Return dummy.next as the updated head.

# Definition for singly-linked list.
# class ListNode:
#     def __init__(self, val=0, next=None):
#         self.val = val
#         self.next = next

class Solution:
    def removeNthFromEnd(self, head: Optional[ListNode], n: int) -> Optional[ListNode]:
        dummy = ListNode(0, head)
        left = dummy
        right = head

        while n > 0:
            right = right.next
            n -= 1

        while right:
            left = left.next
            right = right.next

        left.next = left.next.next
        return dummy.next

Time & Space Complexity

Time complexity: $O(N)$
Space complexity: $O(1)$

Common Pitfalls

Forgetting to Handle Head Removal

When n equals the length of the list, the head node itself must be removed. Without a dummy node or explicit check for this case, the code may crash or return incorrect results. Always verify your solution works when the target is the first node.

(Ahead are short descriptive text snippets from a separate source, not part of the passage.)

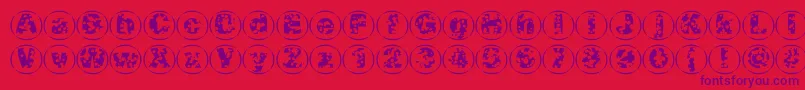フォントSwisscheesecircles02 – 赤い背景に紫のフォント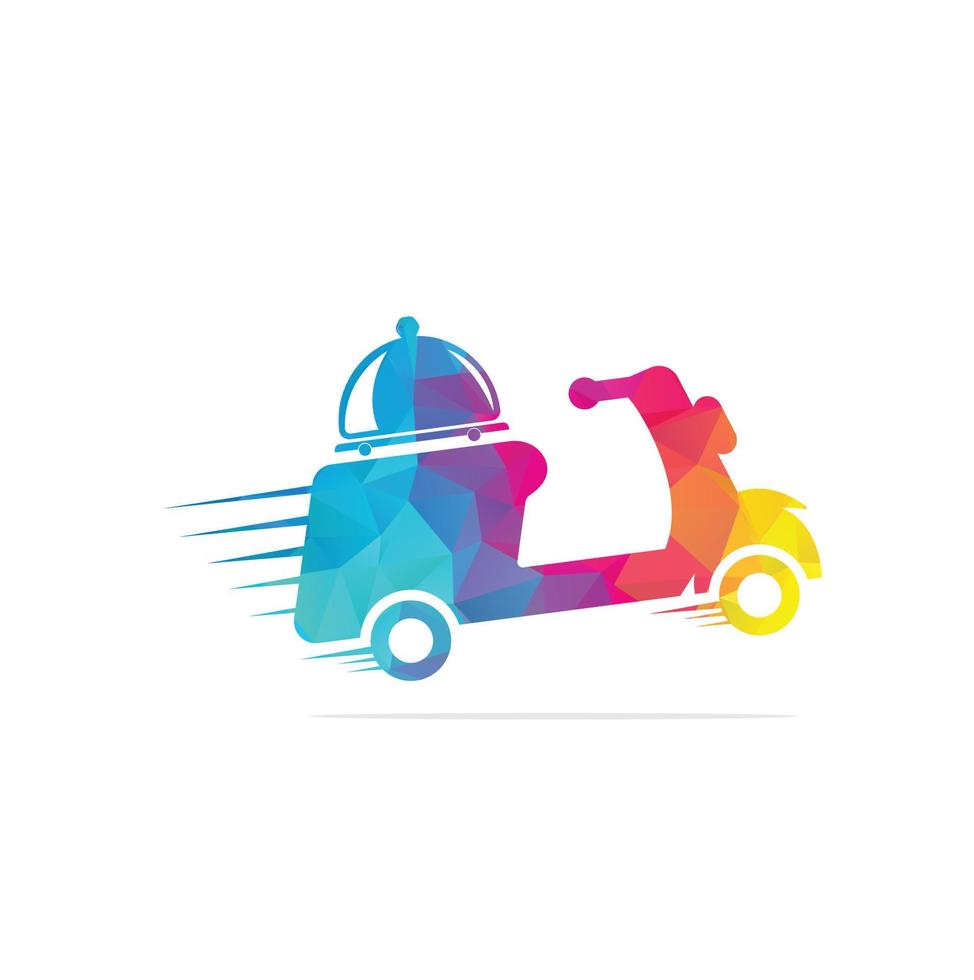 Food-Delivery-Logo-Design mit Retro-Roller. vektor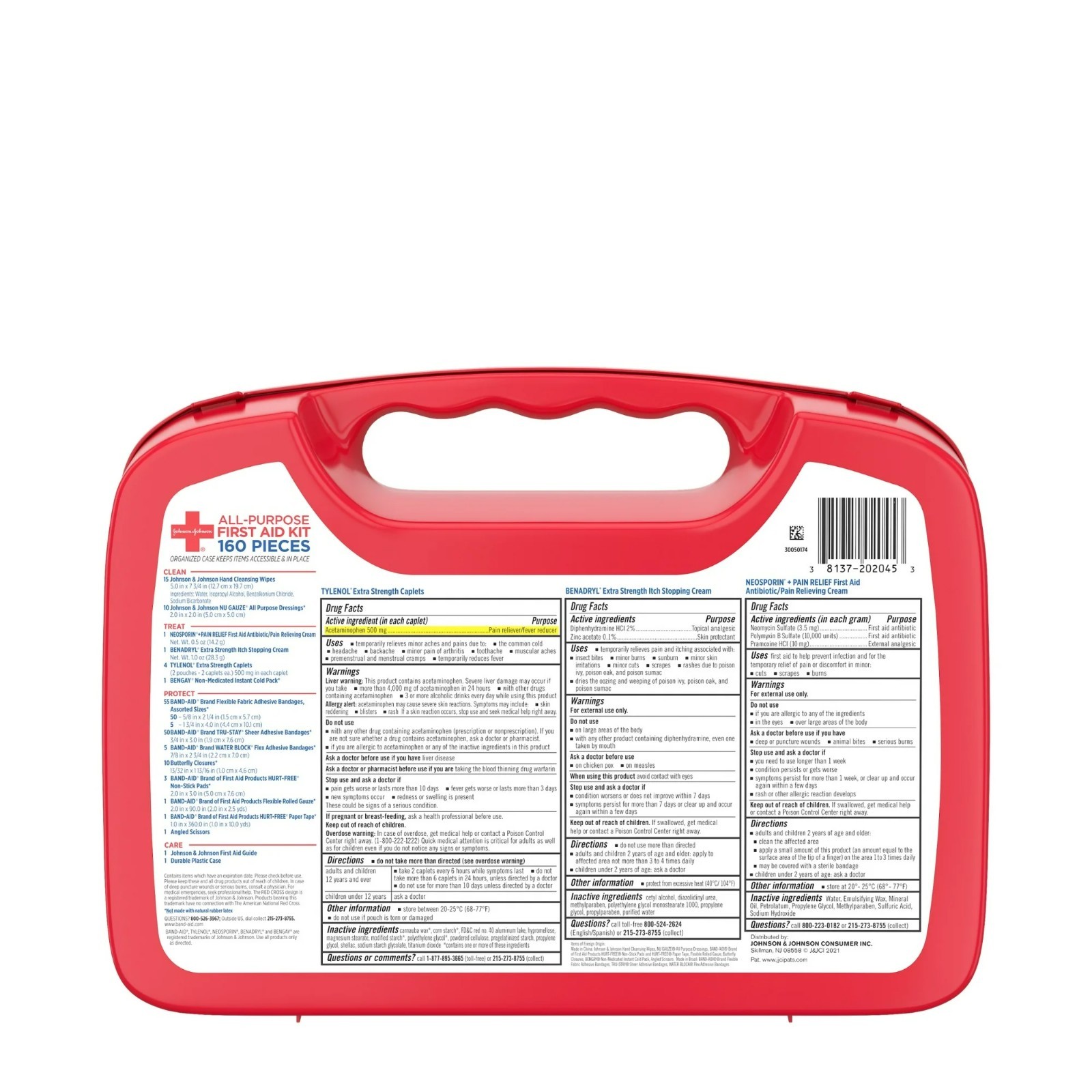 Johnson & Johnson Brand New Portable Compact First Aid Kit, 160 pc Exp 12/26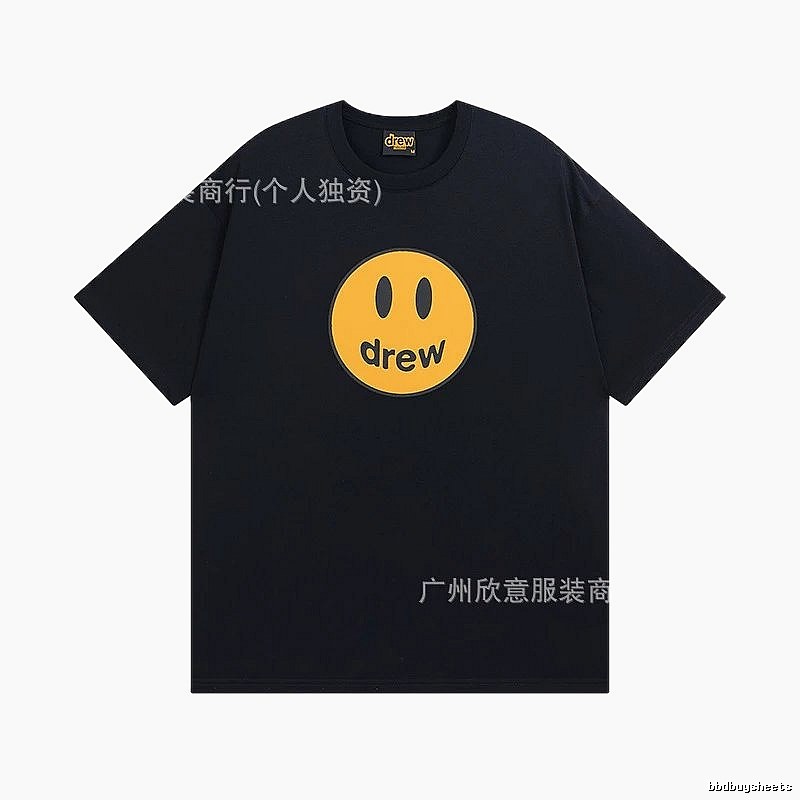 DREW Smiley Street Style Black Short-sleeve T-shirt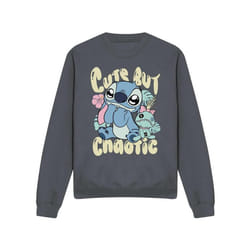 Lilo & Stitch - Sweat CUTE BUT CHAOTIC - Adulte (Charbon) - M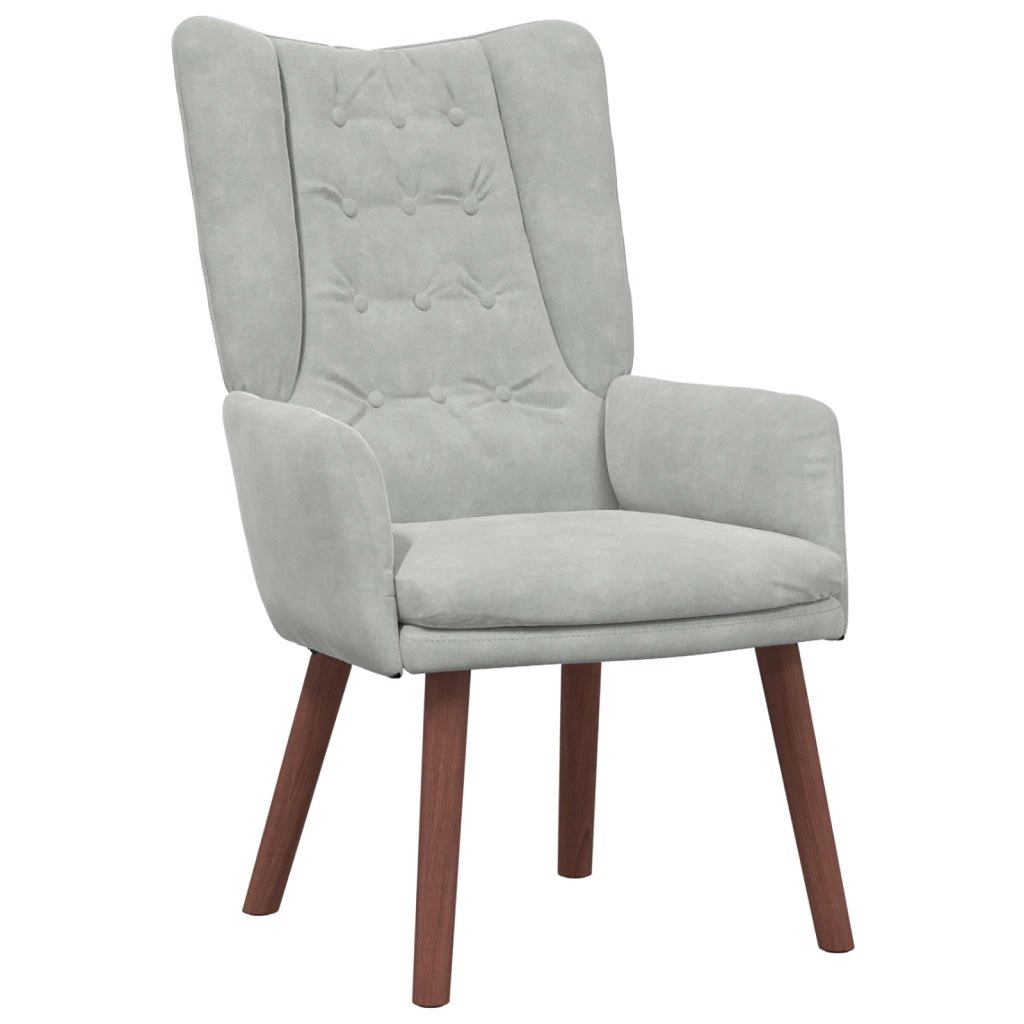 Poltrona Rilassante in Velluto Grigio Chiaro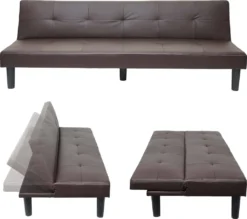 3er-Sofa HWC-G11, Couch Schlafsofa Gästebett Bettsofa Klappsofa, Schlaffunktion 195cm Kunstleder, Braun
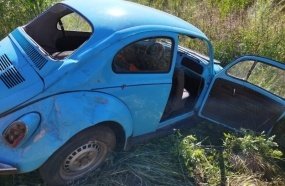 Idoso fica ferido após veículo sair da pista no interior de Capinzal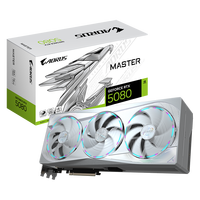 Tarjeta de Video Gigabyte AORUS GeForce RTX 5080 MASTER ICE 16G para PC de Escritorio, GPU para Juegos RTX5080 con Interfaz de Memoria de 256 bits y Ventilador Blanco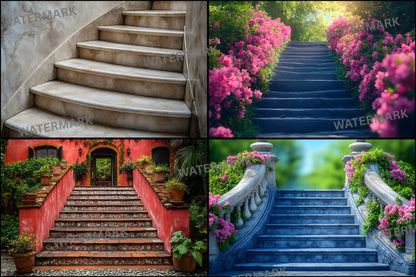 Staircase Digital Backdrop, Photography Background, Elegant Stairway Photo Prop, Fairytale Castle Stairwell Image, Fantasy Photography Overlay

Off-by-One Errors in Pointer Positioning

The two-pointer technique requires the left pointer to stop at the node before the one to delete. A common mistake is advancing right by n-1 instead of n steps, causing the wrong node to be removed. Carefully trace through a small example to confirm your gap is correct.

Not Returning the Updated Head

After modifying the list, forgetting to return dummy.next (or the updated head) results in returning a stale reference. This is especially problematic when the original head was deleted. Always ensure your return statement reflects any structural changes to the list.